Rising Star Restaurateur Charlie Biedenharn of Bakery Lorraine - Biography

San Antonio, TX

November 2017

Charlie Biedenharn’s road to entrepreneurship has peaks and valleys but ultimately concludes on a sweet, hopeful high note. Born and raised in San Antonio, Biedenharn lived a privileged childhood, but unstable family life led him to choose the path of drugs and alcohol. After spending a decade in and out of rehab, and living as far as Seattle and Telluride, Biedenharn had a wake-up call. In 2009, he got sober and enrolled in the University of the Incarnate Word and graduated with an English degree. 

In 2011, he met Bouchon vets Jeremy Mandrell and Anne Ng, who needed an investor to bring their farmers market pastries to a larger audience. With a newfound interest in sweets, Biedenharn signed a lease for Bakery Lorraine’s first brick-and-mortar in 2012. Later that year, he also teamed with Chad Carey and Quealy Watson to operate The Monterey and open Barbaro and several other concepts.
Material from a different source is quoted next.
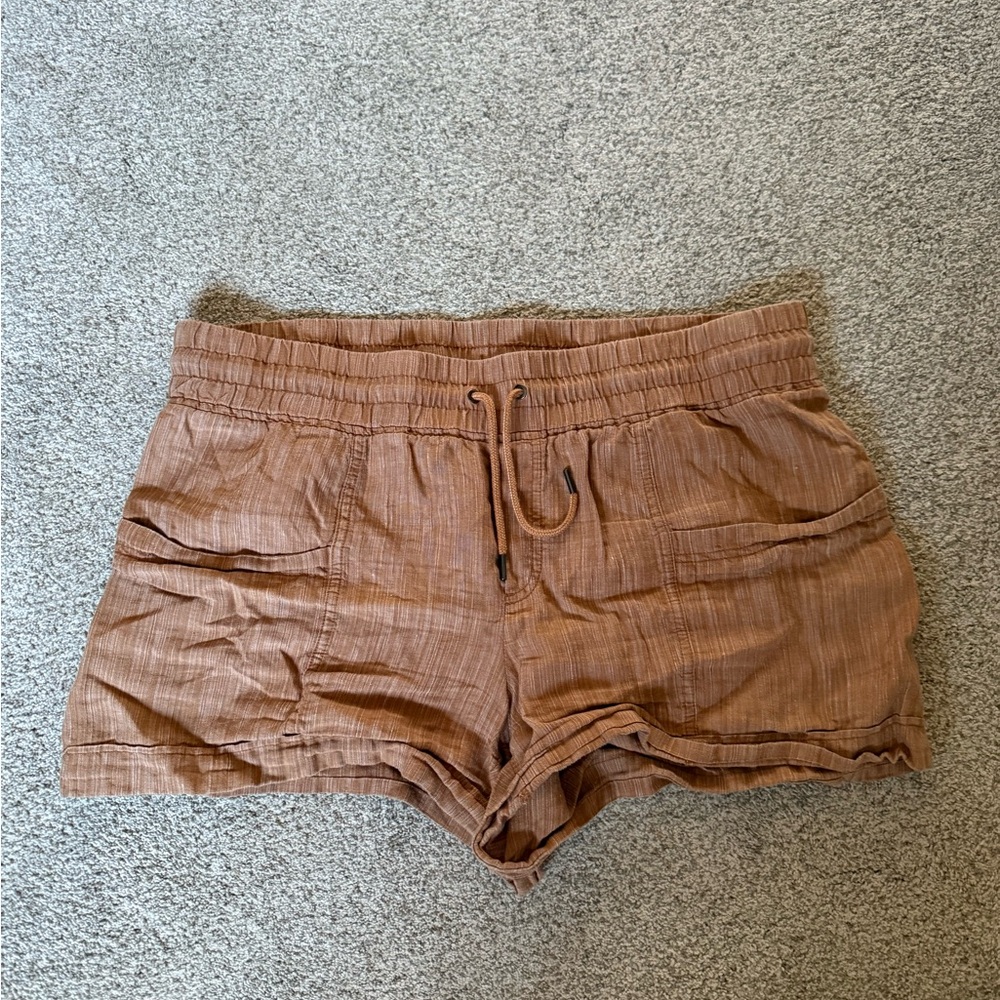 Athleta Cabo Linen textured 4” Short. Size 16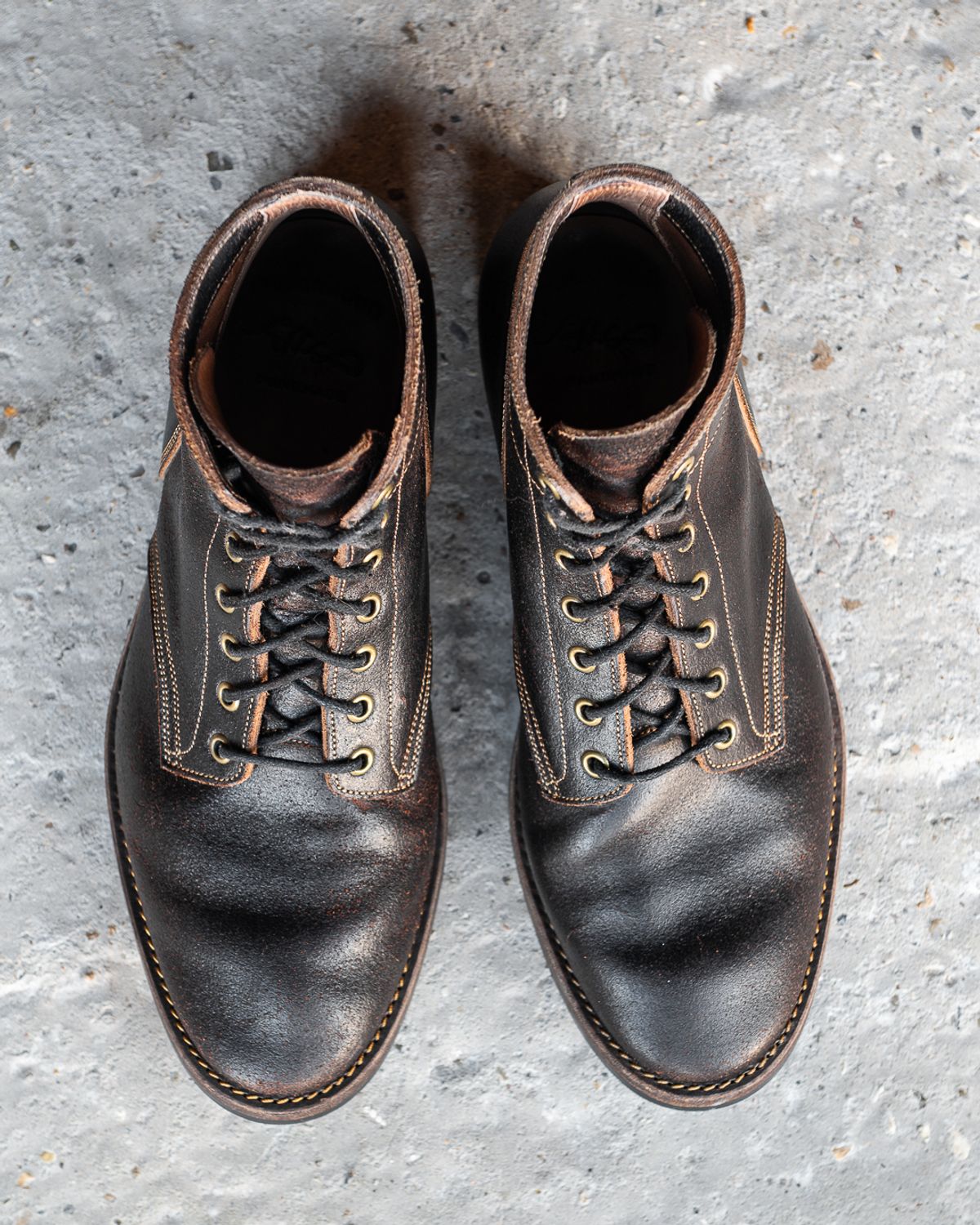 Photo by heritage_by_niels on April 2, 2025 of the Onderhoud SVC01 Boondocker in Horween Java Waxed Flesh.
During this time, Biedenharn enrolled in an MBA program at the University of Texas at Austin and applied what he learned to macarons and croissants. He departed Carey’s Empty Stomach Group to focus on Lorraine exclusively, and now the bakery has three locations (with a fourth in Austin in the works), wholesale accounts, a 24-hour commissary, and 100 hard-working San Antonians as employees. The team also recently opened Maybelle’s Donuts in the city’s first food hall, The Bottling Department. Eight years later, Biedenharn loves what he’s doing—introducing fine patisserie to South Central Texas—even when the going gets tough.